Estas son algunas de las señales que nos indican que se requiere intervención psicoterapéutica:
- La voz o parte crítica muestra un claro rechazo, hostilidad y desapropiación ante las emociones que expresa la persona Atacando y juzgando su experiencia de forma implacable. Generalmente, de forma más intensa en los momentos de mayor vulnerabilidad.
- La voz crítica es penetrante, es decir, ha permeado en todo el self. Notaremos que la persona tiene poca capacidad de observar su voz o parte crítica con la suficiente distancia de trabajo.

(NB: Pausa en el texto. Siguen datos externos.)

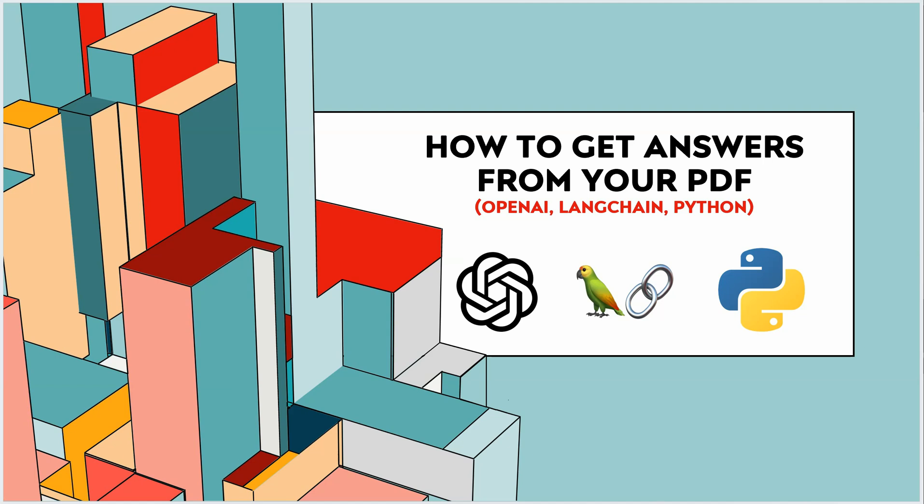Hello everyone, in this video I will show you how you can read your PDFs and get your questions answered. So here we will be using OpenAI, LangChain, and Python as a programming language.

Es como si estuviera en total acuerdo con lo que esa parte expresa y eso inundara toda la experiencia que la persona tiene de si misma.
- La persona intenta restablecerse retirándose del mundo, recurriendo a la soledad y el aislamiento emocional como manera de restaurar el yo herido. Aquí pueden observarse diferencias de género y culturales, más a menudo son los hombres los que se retiran incluso de aquellas relaciones cercanas que implican intimidad y contacto.
- Esa parte o voz crítica funciona casi como una subpersonalidad que toma el control de ciertas situaciones, tan pronto como percibe la más mínima sensación de amenaza. Esta subpersonalidad que toma el control, impide a la persona entrar en contacto con su experiencia interna interna y arruina cualquier posibilidad de conexión social auténtica con los demás. Algunas personas pueden funcionar de esta manera disociada casi de forma crónica, especialmente cuando se sienten más vulnerables, generalmente en los roles más importantes de la vida. Por ejemplo, cuando el equipo que lidero no logra resultados, cuando tengo conflicto con mis familiares, en las relaciones de pareja o en mi faceta de madre o padre, etc.
- Cuando la crítica no es sólo internalizante, es decir, una forma de relación conmigo mismo, sino que se manifiesta también de forma externalizante, con forma de juicios, críticas, hostilidad, desconfianza, cautela, impulsividad,e tc. en la relación con el entorno o con comportamiento adictivos o contraproducentes.